Donc un impôt confiscatoire qui excèderait les "facultés" d’un contribuable serait inconstitutionnel.
La jurisprudence du Conseil constitutionnel protège aussi le contribuable (il faut dire qu’avec la créativité fiscale de certains gouvernements, il y avait matière à définir certaines limites) : en particulier le Conseil constitutionnel apprécie l’effet confiscatoire d’une règle fiscale en la replaçant dans son contexte, c’est-à-dire en évaluant la superposition des différents impôts (car un impôt seul peut ne pas être confiscatoire, mais en combinaison avec d’autres…). En revanche, le Conseil constitutionnel ne définit pas précisément de seuil d’imposition à partir duquel un impôt est jugé confiscatoire (donc inconstitutionnel) : il semble que ce seuil puisse être assez haut…

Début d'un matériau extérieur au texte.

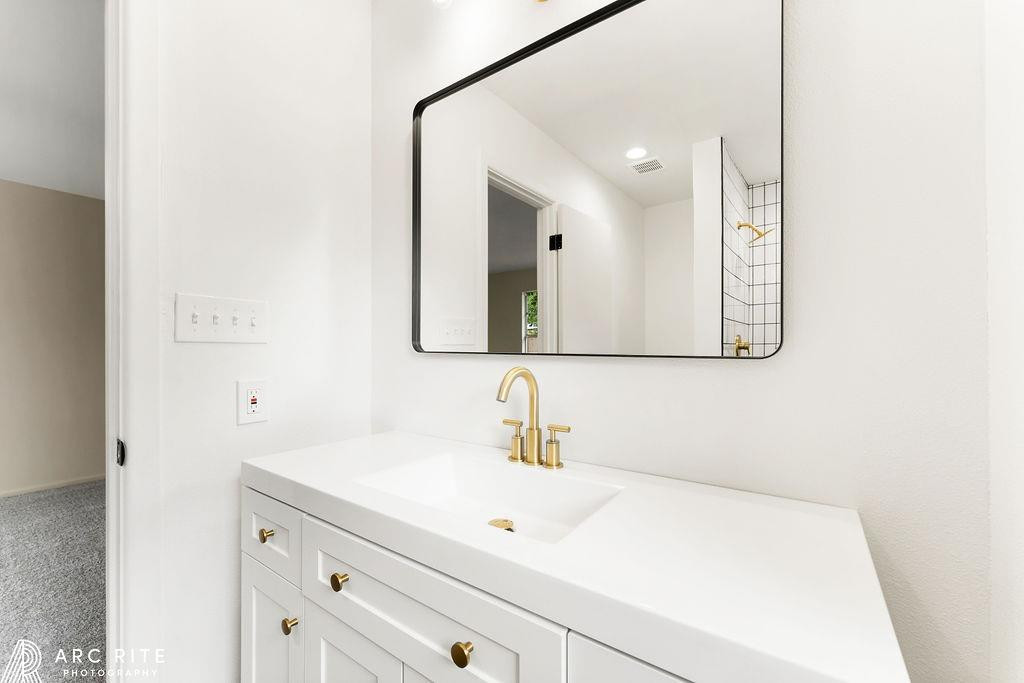 4015 37th Street Lubbock, TX 79413 - Photo 19 of 30 a bathroom with a sink and a mirror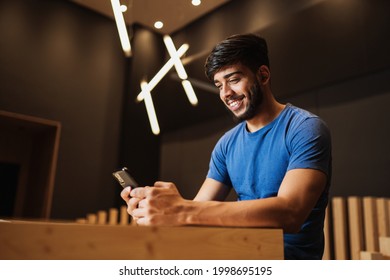 Young latin man using cell phone. Texting on cafe. - Powered by Shutterstock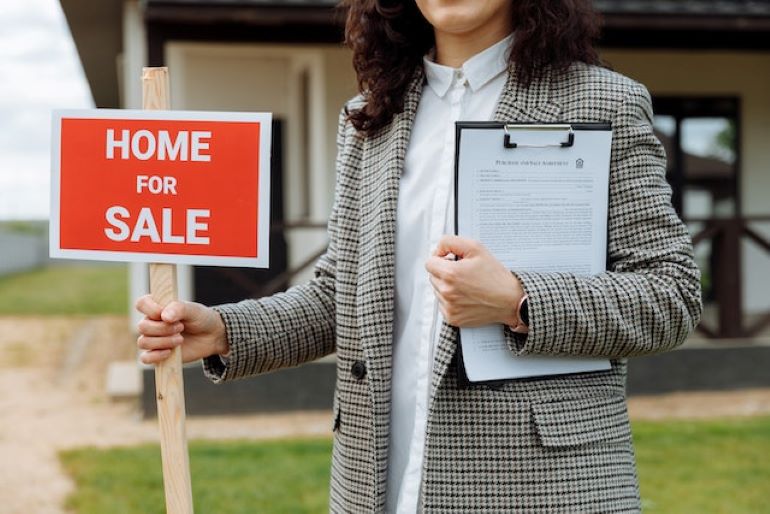A woman is holding a sign 'home for sale'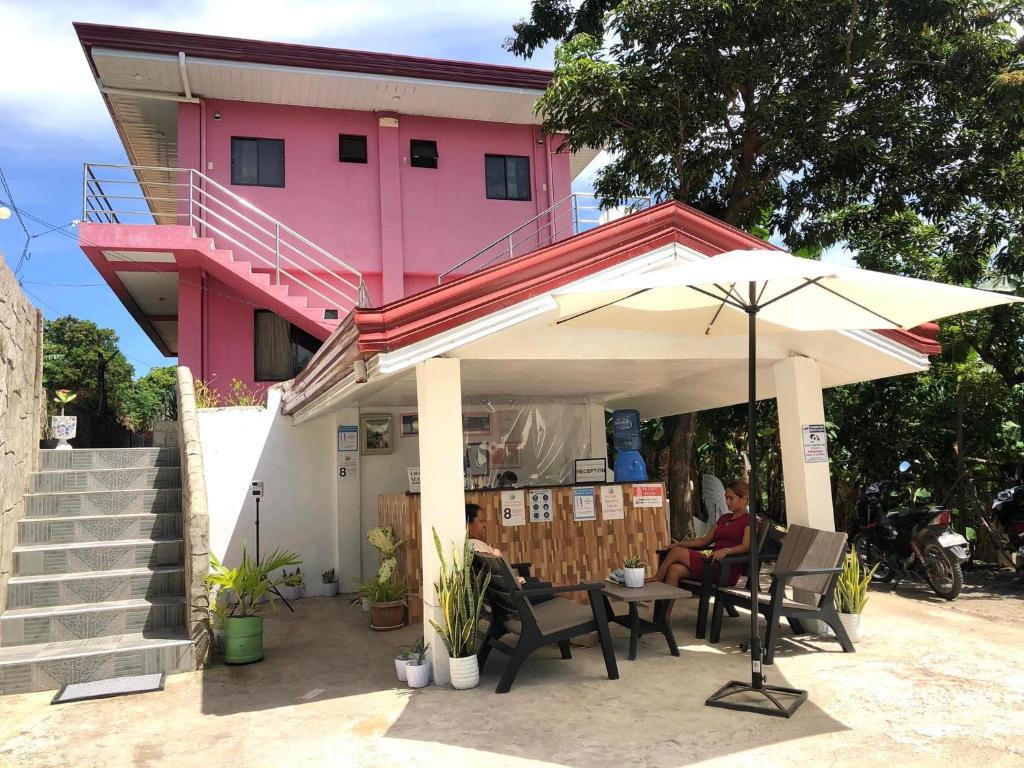 uma mulher sentada debaixo de um guarda-chuva em frente a um edifício cor-de-rosa em Chaniva-Joy Island View Appartments em Malapascua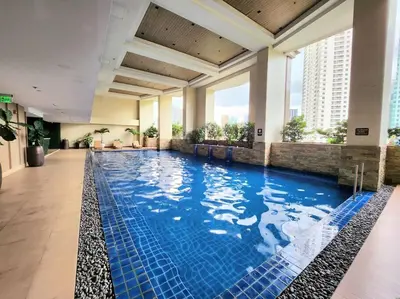 a large swimming pool in a hotel lobby at KL Tower Cosy Studio with Balcony Sauna Gym Pool near Greenbelt in Manila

2) La libre circulation des capitaux dans l’UE : l’article 63 du Traité sur le fonctionnement de l’UE (TFUE) interdit les restrictions aux mouvements de capitaux entre Etats membres. Si l’Etat français décidait de mettre en place une fiscalité confiscatoire (malgré les protections constitutionnelles), il ne pourrait pas empêcher les citoyens-contribuables de mettre leur épargne à l’abri dans un autre pays de l’UE.
L’article 65 du TFUE prévoit des dérogations par les Etats à la libre circulation des capitaux, notamment "pour faire échec aux infractions à leurs lois et règlements, notamment en matière fiscale ou en matière de contrôle prudentiel des établissements financiers", ou pour "des motifs liés à l’ordre public ou à la sécurité publique". Mais ces dérogations ne doivent pas constituer "une restriction déguisée à la libre circulation des capitaux".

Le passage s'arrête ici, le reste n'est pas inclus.